Ivor Jones

Personal information
- Date of birth: 31 July 1899
- Place of birth: Merthyr Tydfil, Wales
- Date of death: 24 November 1974 (aged 75)
- Place of death: Swansea, Wales
- Position: Inside right

Senior career*
- Years: Team / Apps / (Gls)
- Merthyr Town
- Caerphilly
- 1920–1922: Swansea Town / 65 / (14)
- 1922–1926: West Bromwich Albion / 67 / (10)
- Aberystwyth Town
- Aldershot
- Thames
- Eastside
- Aberavon Harlequins

International career
- 1920–1926: Wales / 10 / (1)

= Ivor Jones (footballer) =

Welsh footballer (1899–1974)

Ivor Jones (31 July 1899 – 24 November 1974) was a Welsh international footballer who played professionally as an inside right.

==Family==
Jones came from a footballing family. His four brothers – Bryn, Shoni, Emlyn and Bert – were all professionals, as were his sons Bryn and Cliff and nephew Ken.

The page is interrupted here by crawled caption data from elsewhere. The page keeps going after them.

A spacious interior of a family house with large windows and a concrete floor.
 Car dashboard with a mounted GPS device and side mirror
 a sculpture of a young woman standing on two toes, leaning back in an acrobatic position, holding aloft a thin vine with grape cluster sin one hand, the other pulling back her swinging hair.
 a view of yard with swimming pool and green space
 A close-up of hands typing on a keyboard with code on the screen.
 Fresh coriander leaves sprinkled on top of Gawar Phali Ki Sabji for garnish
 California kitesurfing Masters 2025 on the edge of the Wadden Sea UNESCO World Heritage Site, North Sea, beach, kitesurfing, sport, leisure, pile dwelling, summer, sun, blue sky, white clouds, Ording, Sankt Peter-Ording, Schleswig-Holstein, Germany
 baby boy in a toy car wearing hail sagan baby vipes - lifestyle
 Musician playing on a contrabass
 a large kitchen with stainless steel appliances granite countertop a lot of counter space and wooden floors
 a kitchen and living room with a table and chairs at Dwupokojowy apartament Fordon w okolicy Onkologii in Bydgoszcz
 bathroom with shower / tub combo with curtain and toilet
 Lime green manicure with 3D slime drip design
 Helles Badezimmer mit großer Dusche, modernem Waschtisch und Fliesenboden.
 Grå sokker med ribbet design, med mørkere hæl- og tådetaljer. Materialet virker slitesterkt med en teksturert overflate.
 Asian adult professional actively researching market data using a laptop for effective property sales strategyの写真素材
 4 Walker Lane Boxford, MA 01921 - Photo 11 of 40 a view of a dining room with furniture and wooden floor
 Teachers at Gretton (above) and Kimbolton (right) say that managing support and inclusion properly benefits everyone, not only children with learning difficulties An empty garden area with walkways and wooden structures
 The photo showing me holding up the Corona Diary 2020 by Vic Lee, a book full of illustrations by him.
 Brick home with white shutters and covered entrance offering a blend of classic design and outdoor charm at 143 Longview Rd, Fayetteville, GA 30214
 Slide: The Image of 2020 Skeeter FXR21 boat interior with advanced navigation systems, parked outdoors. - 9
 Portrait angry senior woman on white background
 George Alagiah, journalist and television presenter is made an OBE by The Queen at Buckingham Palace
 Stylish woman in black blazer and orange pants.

His great-grandson Scott Neilson is also a professional footballer.

==Club career==
Jones played for Merthyr Town, Caerphilly, Swansea Town, West Bromwich Albion, Aberystwyth Town, Aldershot, Thames, Eastside and Aberavon Harlequins.

==International career==
Jones earned a total of 10 caps for Wales, scoring one goal.